I am loving my staycation at the moment and am having so much spending time with you. You seem to be developing by the nappy change, and I’m so happy to be witness to it all the time! Your favourite is clapping on demand, which is proving a real party trick with friends and strangers. I say “clap hands” and you start clapping your hands, a grin emerging with each thump of the hands. You even learnt how to successfully pull of the “enter” button off my old laptop after months of tugging at it. You also got hold of one of one of my MAC lipsticks today (shade Radicchio), opened it, smeared it over your face and body, and then pawed the carpets, walls and bed, leaving pink tokens everywhere. This could be a lesson that I shouldn’t turn my back, or it could mean you have a penchant for great makeup and artistry?
As I’ve mentioned, I am rather
addicted connected to my Blackberry, and always checking emails just to ensure I’m on top’ish of things. It keeps my mind at ease that things are in control’ish. The flipside to being on top’ish of things is when you get really kak emails with complaints/commands/concerns that you can’t shake off. Which is what happened to me on the weekend. While checking up on things, I found emails/Facebook stuff that attacked me a bit, both for my work and as a mom.
I got upset and was unable to shake off this rotten feeling the whole weekend. It got me thinking that while I’d like to feel whatever I need to feel and then move on, it’s sometimes hard and instead of words/insults/actions being like water off a duck’s back, they often become growths that torment me and question who I am.
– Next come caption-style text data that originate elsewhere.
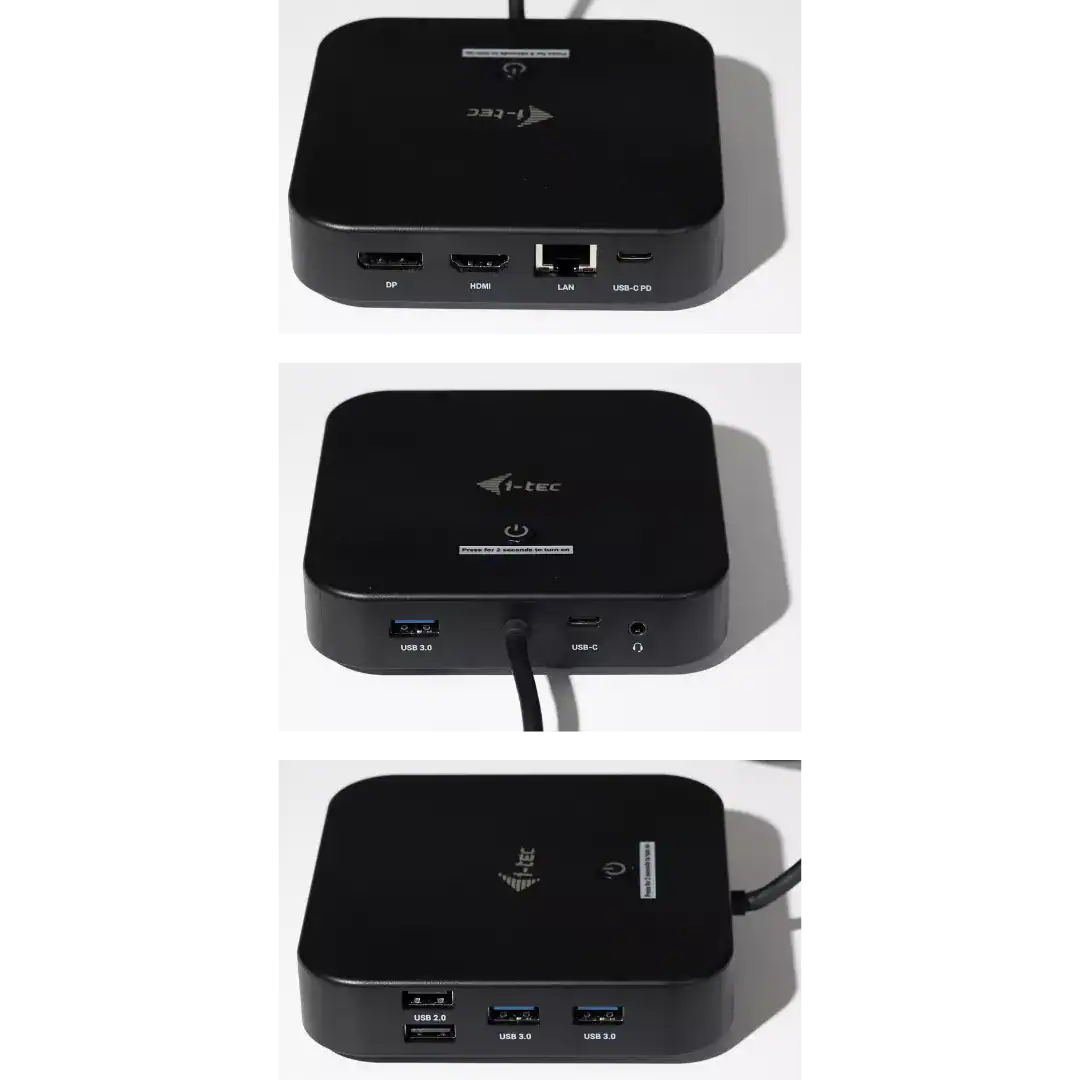 Three views of the i-tec Dock Mini showing its DisplayPort, HDMI, LAN and USB ports.
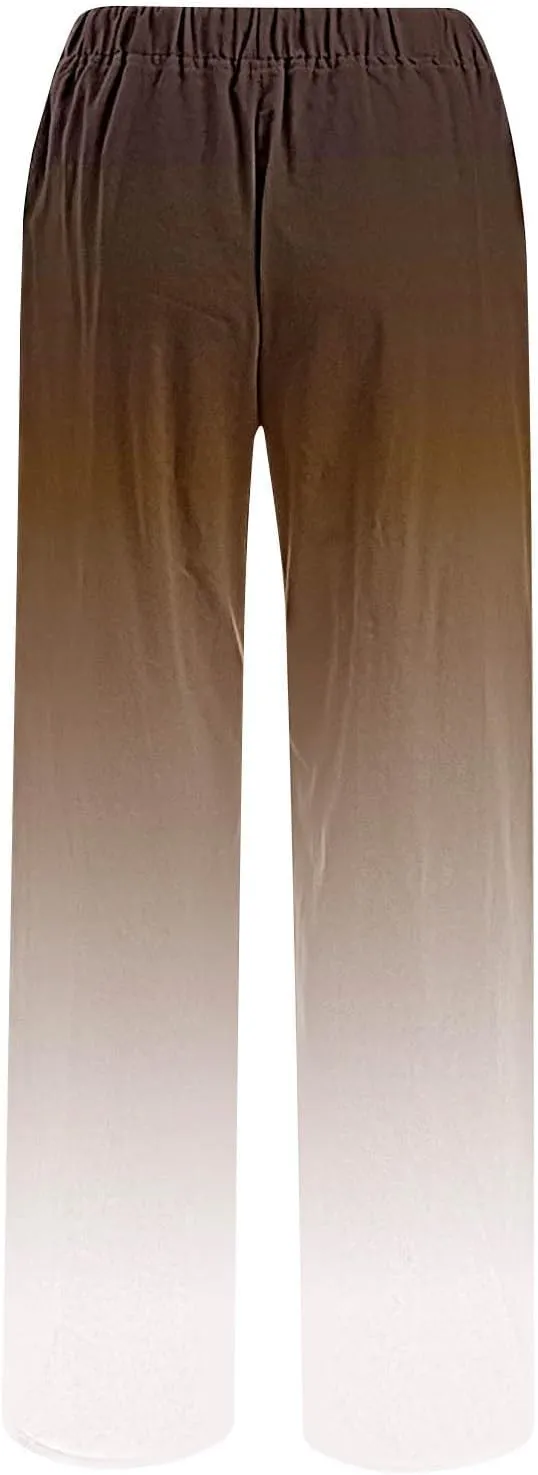 Womens Linen Pants with Pockets Gradient Drawstring Loose Fit Summer Palazzo Pants Casual Lightweight Loose Trousers
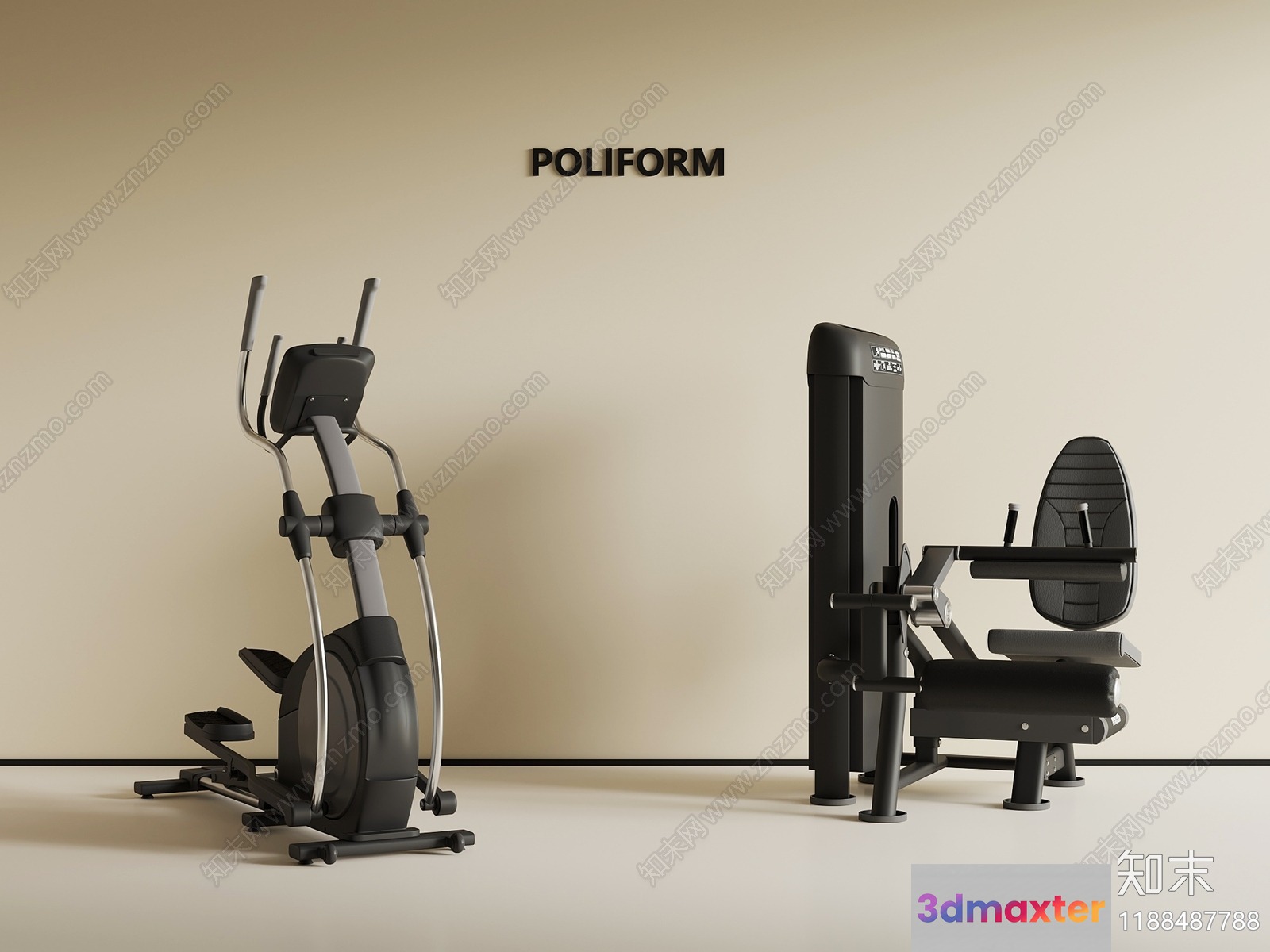The Main Subject Is A Gym With Exercise Equipment 3D Model - 1638 - VRAY Render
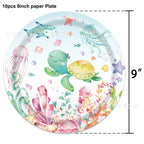 Ocean Sea Birthday Party Tableware Turtle Whale Print Plates Napkins Cups for Baby Shower Ocean Party Birthday Decorations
Then I started thinking what will happen if someone is mean to you one day (and it will happen caus there are many a kretin out there among all the good). Will I want you to lament and take it to heart and let mean words define you; or will I want you to hear it, see the wood for the trees and then move on?
My answer is the latter, but if I’m going to try to teach you right, or lead by good example, I guess I need to nurture the child in me and learn how to manage things in a way that is better for me. I hope this way you will be able stand up against bullies, laugh in the face of anyone who calls you names for no reason, or keep your head when people judge you without ever knowing you. I feel that to be a good mom to you, I need to put on my big-girl panties and carry on working on myself (and I’m not talking waxing or facials here). I hope I can instil in you a strong self esteem and self love (not vanity).